A few years ago Nick Holmes submitted his response to the annual call-out from SCL seeking predictions. It closes with a reference to a Berkeley study that followed 80,000 forecasts over the course of 20 years and found that experts have about the same level of accuracy as dart-throwing monkeys. After looking through the predictions made over the last three years for SCL, I think that might be an optimistic view. If the forthcoming dinner at the House of Commons should somehow end up with a trip to a local pub with any of my predicting experts, I shall stand well away from the dartboard. Suffice it to say that my review of past predictions has not made me think that SCL contributors are the all-seeing, bastard child of Cassandra and Nostradamus.
But there really is a discernible increase in accuracy if one forgets about the target year. For example, where developments were predicted for 2011, they rarely happened but in quite a few instances the development has emerged recently. I am not counting totally accurate predictions of the inevitable such as ‘there will be some disagreement over the data protection reforms which will lead to delay’ – that is a ‘the sun will rise’ statement not a prediction – and ‘there will be increased use of predictive coding’ is trunk-central rather than out on a limb.
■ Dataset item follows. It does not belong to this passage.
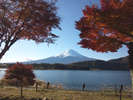 富士山と紅葉 例年の見頃は11月中旬です!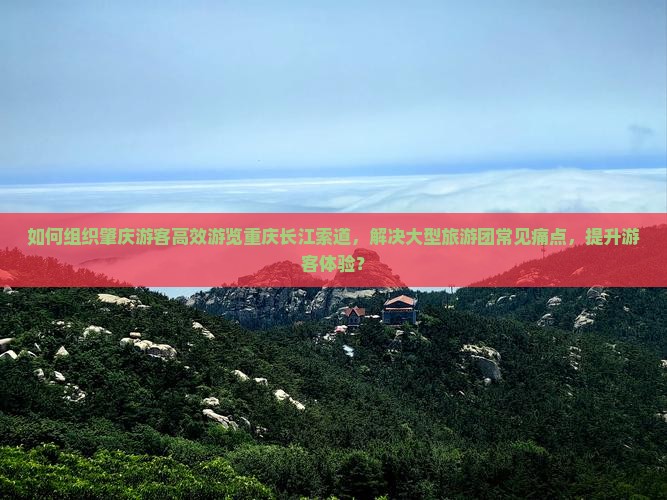 如何组织肇庆游客高效游览重庆长江索道，解决大型旅游团常见痛点，提升游客体验？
Those who know me well will not be surprised to discover that I was quite impressed by my own predictions but Charles Christian, Paul Heritage-Redpath, Charles Holloway, Richard Graham, Mathew Lavy, Judith Rauhofer, Andrew Tibber and Lilian Edwards could all make claims to even greater accuracy (although Lilian’s pessimistic Olympic predictions rather let her down). Paul Gershlick might even claim, on the basis of the sort of warped interpretation worthy of the followers of Nostradamus, to have predicted Edward Snowden.
It is Edward Snowden that inspires the slight twist to the call for predictions this year; nobody {i}really{/i} saw that coming, or its considerable and on-going fall-out, but it surely was the biggest development of 2013. So I am asking contributors to suggest the most surprising development of the last few years – let’s say the last three years – or perhaps the most surprising non-development. What has happened that was never expected? What hasn’t happened that we thought was a cast-iron certainty (cookie consent mayhem might be a candidate here)?
Please do feel free to contribute even if you have not received an invitation. A number of potential contributors have been neglected for sure – lots of my invites have bounced. I am looking for at least 50 words per person, but if you want to provide more that’s fine – 150 seems to be the going rate; as in previous years, some predictions might well make a short independent article.
Contributions will be displayed on the SCL Web site with full attribution, including contact details and description (which you may provide but please don’t make them too long). There will again be a series of Predictions blog postings. I expect these to begin on 1 December. I hope to publish selections in the Dec/Jan issue of the magazine from those replying by 10 December.
Submitting a prediction will be taken to include permission for the prediction to appear on the SCL LinkedIn Group pages as well as the normal SCL outlets.
Do feel free to encourage your colleagues and clients to contribute. I would especially value contributions from outside our normal circles – most obviously but not exclusively from technologists and e-commerce entrepreneurs who say something that IT lawyers would find useful.